Crianças no campo de deslocados do Chibuto 2, Gondola, Manica, Moçambique
Crianças no campo de deslocados do Chibuto 2, Gondola, Manica, Moçambique

Quase a totalidade dos deslocados depende da agricultura, mas a produção foi perdida nos campos durante o conflito por falta sacha e, agora vivem dependentes de ajuda humanitária que chega a conta gotas, quando falta água potável até vestuários.

Num escaldante sol de início de verão, Rosa Sete, sorri enquanto prepara a única refeição do dia, que depois serve partilhando o mesmo prato com os quatro filhos, e jura não querer aquela vida para os filhos.

O mesmo sorriso murcha ao anoitecer quando lembra que vai partilhar o único cobertor com os filhos, e as vezes enfrenta o frio em branco, para dar aconchego o cassula da casa.

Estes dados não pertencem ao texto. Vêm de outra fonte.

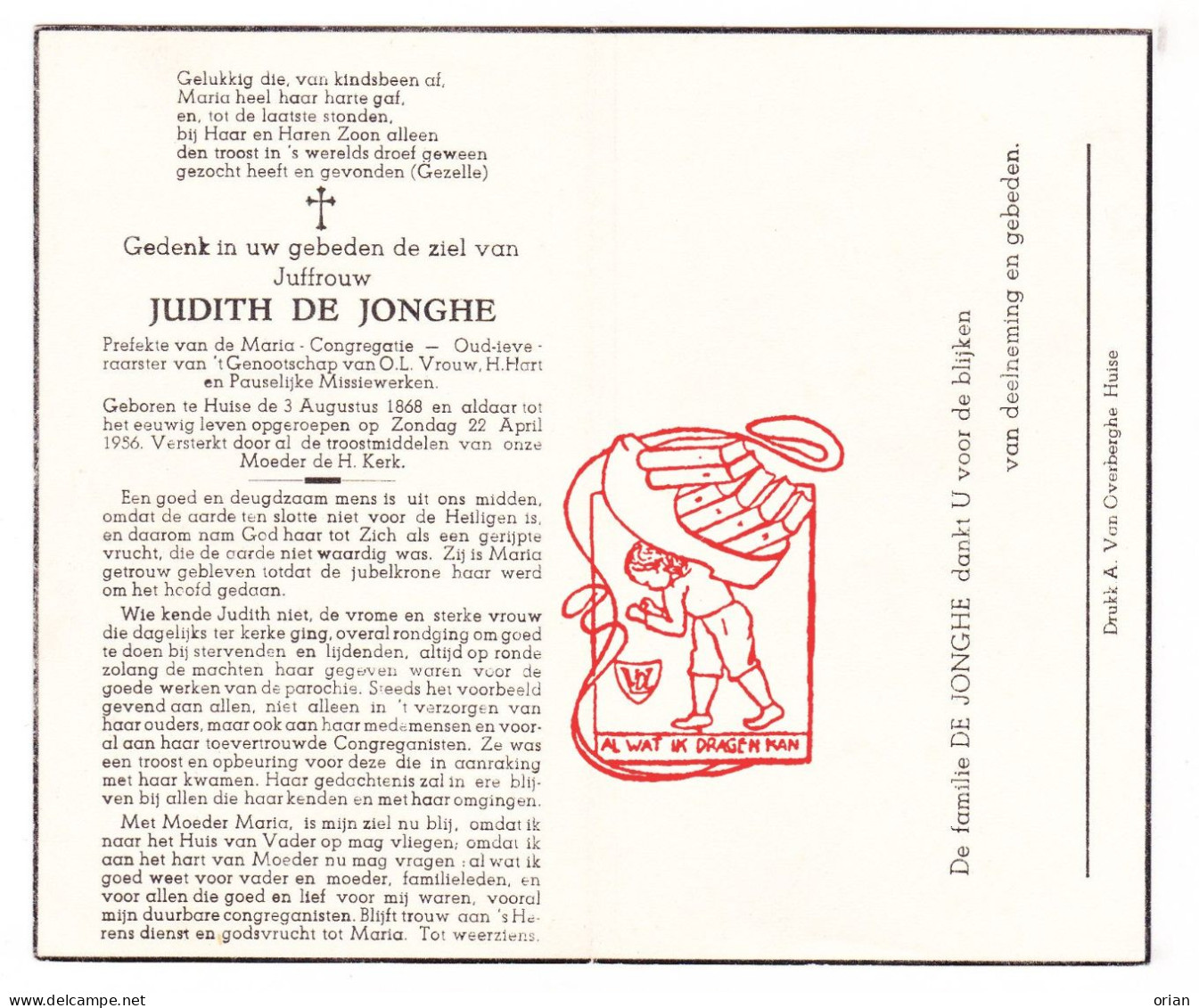 DP Juff. Judith De Jonghe ° Huise Zingem 1868 † 1956 // G. Gezelle - Devotion Images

“Tem sido uma vida difícil, o governo devia nos apoiar mais” observa a camponesa, que espalha gargalhadas para esconder a dura realidade no campo de deslocados de Chibuto 2.

Do total dos deslocados, que correspondem a 287 famílias em Gondola, 256 famílias (1.557 pessoas) encontram-se em abrigos precários em dois campos improvisados de deslocados nas aldeias de Chibuto e Muda Serração, a sul do posto administrativo de Inchope, segundo dados do Instituto Nacional de Gestão de Calamidades (INGC) de Manica.

Outras 31 famílias (215 pessoas), que fugiram dos ataques nas aldeias de Mucorodzi, Madziachena e Pindanganga, mais a norte do distrito de Gondola, estão distribuídas em vários abrigos e residências de parentes nas periferias da vila sede distrital e no bairro Cuzuana, no posto administrativo de Cafumpe, indicam os mesmos dados.

A zona centro de Moçambique foi historicamente palco de confrontos armados entre forças governamentais e a Resistência Nacional Moçambicana (Renamo) até dezembro de 2016, altura em que as armas se calaram após um cessar-fogo, tendo a paz sido selada num acordo subscrito em 06 de agosto de 2019.

Um ano depois do acordo continuam relatos de ataques, atribuídos pelas autoridades, a autoproclamada Junta Militar, que contesta a liderança da Renamo por Ossufo Momade, e defende a renegociação do seu desarmamento e reintegração na sociedade.

Enquanto o futuro continua incerto, as crianças no campo de deslocados jogam mata-mata: uma brincadeira infantil que se resume em quem finta mais a bola lançada à mão a partir dos dois extremos. Quem for atingido, "morre" numa jogada que se resume à realidade daquela população.